# Bone sealant



## EbonyRaven (Jul 30, 2012)

Okay if the topic dragged you in here with curiosity, be not afraid- I'm not harming anything for the sake of an aquascape.  

However, I plan on doing a 'native' aquascape, arrowheads and bones, carved stones and all that. but, for the hardscape instead of wood, I'd like to use deer antlers. 

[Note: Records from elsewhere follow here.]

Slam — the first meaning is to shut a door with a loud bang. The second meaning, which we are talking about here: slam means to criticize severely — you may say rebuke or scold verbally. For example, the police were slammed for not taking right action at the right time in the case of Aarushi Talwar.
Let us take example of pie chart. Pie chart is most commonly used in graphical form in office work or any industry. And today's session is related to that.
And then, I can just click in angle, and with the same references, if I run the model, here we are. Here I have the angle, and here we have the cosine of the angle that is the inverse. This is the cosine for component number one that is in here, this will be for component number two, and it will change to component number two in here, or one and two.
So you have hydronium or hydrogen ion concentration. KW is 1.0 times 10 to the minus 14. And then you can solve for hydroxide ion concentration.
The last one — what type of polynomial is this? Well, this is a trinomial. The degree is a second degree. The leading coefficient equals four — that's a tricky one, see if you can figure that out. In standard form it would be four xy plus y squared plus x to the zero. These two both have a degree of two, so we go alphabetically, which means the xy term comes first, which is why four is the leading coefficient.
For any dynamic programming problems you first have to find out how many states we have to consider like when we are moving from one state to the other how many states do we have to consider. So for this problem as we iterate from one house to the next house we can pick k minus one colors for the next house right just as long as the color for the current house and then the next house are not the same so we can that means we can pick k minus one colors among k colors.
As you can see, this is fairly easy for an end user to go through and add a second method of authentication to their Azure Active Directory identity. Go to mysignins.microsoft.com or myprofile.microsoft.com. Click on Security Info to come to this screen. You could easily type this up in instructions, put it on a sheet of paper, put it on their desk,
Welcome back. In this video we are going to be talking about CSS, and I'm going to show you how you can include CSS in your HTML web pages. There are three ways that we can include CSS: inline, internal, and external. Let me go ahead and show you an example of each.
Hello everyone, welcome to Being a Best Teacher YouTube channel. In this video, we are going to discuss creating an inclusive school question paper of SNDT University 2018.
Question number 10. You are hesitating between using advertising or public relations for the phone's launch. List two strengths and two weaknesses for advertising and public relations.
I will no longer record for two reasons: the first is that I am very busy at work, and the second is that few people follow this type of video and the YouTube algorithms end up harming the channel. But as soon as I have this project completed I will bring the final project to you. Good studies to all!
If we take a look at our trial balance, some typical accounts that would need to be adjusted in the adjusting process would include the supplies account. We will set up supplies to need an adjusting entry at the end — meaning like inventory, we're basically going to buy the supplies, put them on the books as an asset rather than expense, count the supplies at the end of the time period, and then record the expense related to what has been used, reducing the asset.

But, because antlers can 'dissolve' I need something to seal them as not to harm my fish (And so they don't... For lack of a better term- Rot.)

Any ideas?


----------



## TroyVSC (Aug 29, 2012)

Sorry don't have any ideas. maybe talking to a taxidermist and see if they know of any sealing solution and then see if it is aquarium safe. I would imagine that the stuff people use to seal concrete on DIY backgrounds would seal antlers but that is just a guess.


----------



## catfisherpro (Apr 5, 2013)

I use polyurethane to seal my projects it my work on bone. Something u could look into cause it would possibly seal it it does wood an its safe I got it in my tanks


----------



## BeccaBx3 (Sep 21, 2011)

Ya I think poly is safe when it is dried. I was watching Tanked the other day and they were using that on alot of stuff.


----------



## catfisherpro (Apr 5, 2013)

ya they do I love that show what I do is give it three days do dry then wash it an let it soak in a bucket of clean water for 48hr then put it the tank


----------